From: "Darrick J. Wong" <darrick.wong@oracle.com>
To: Eryu Guan <guaneryu@gmail.com>
Cc: linux-xfs@vger.kernel.org, fstests@vger.kernel.org
Subject: Re: [PATCH ] xfs: check for COW overflows in i_delayed_blks
Date: Tue, 28 May 2019 10:01:32 -0700 [thread overview]
Message-ID: <20190528170132.GA5231@magnolia> (raw)
In-Reply-To: <20190526142735.GP15846@desktop>
On Sun, May 26, 2019 at 10:27:35PM +0800, Eryu Guan wrote:
> On Mon, May 20, 2019 at 03:31:52PM -0700, Darrick J. Wong wrote:
> > From: Darrick J. Wong <darrick.wong@oracle.com>
> >
> > With the new copy on write functionality it's possible to reserve so
> > much COW space for a file that we end up overflowing i_delayed_blks.

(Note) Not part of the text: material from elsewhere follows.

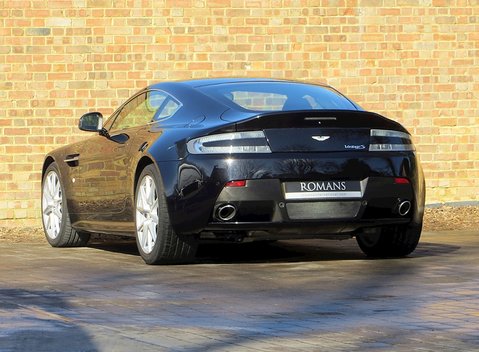 Aston Martin V8 Vantage S 11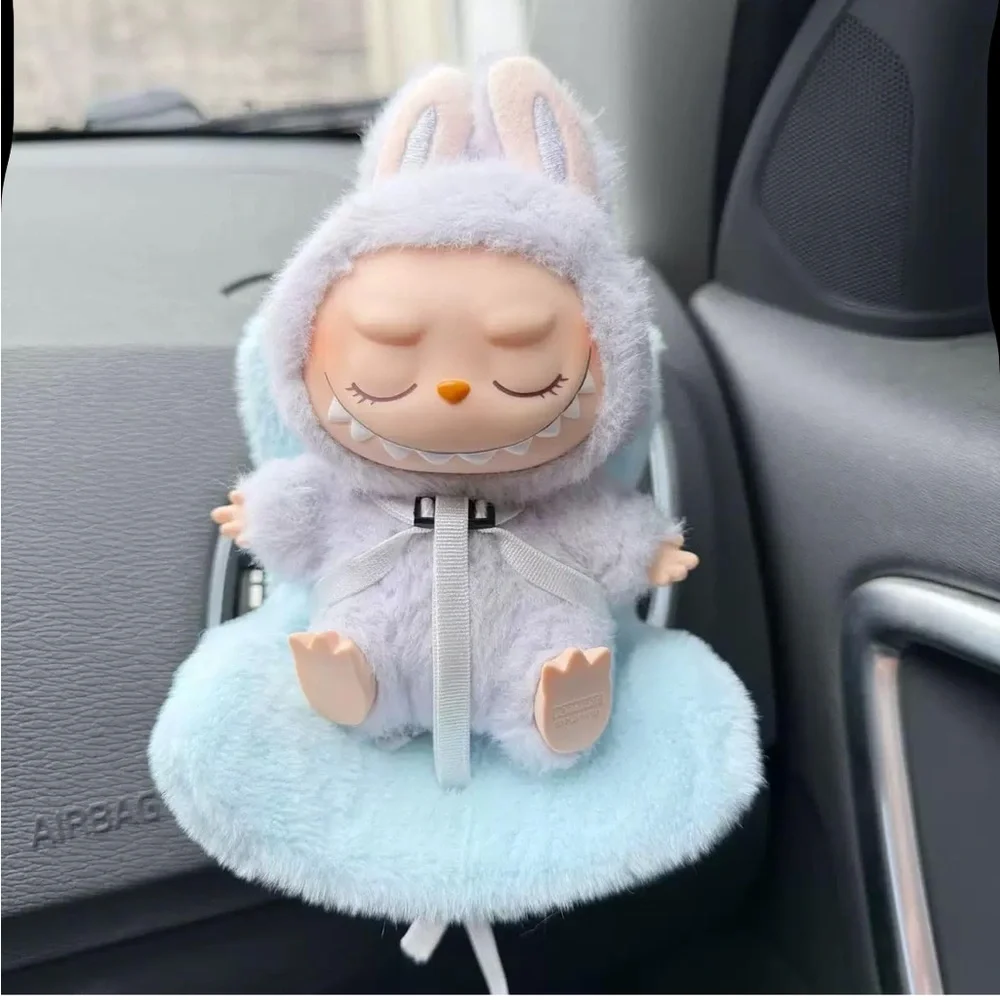 Labubu car seat - Picture 1 of 4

> > The only user-visible effect of this is to cause totally wrong i_blocks
> > output in stat, so check for that.
> >
> > Signed-off-by: Darrick J. Wong <darrick.wong@oracle.com>
>
> I hit xfs_db killed by OOM killer (2 vcpu, 8G memory kvm guest) when
> trying this test and the test takes too long time (I changed the fs size
> from 300T to 300G and tried a test run), perhaps that's why you don't
> put it in auto group?
Oh. Right. I forget that I patched out xfs_db from
check_xfs_filesystem on my dev tree years ago.
Um... do we want to remove xfs_db from the check function? Or just open
code a call to xfs_repair $SCRATCH_MNT/a.img at the end of the test?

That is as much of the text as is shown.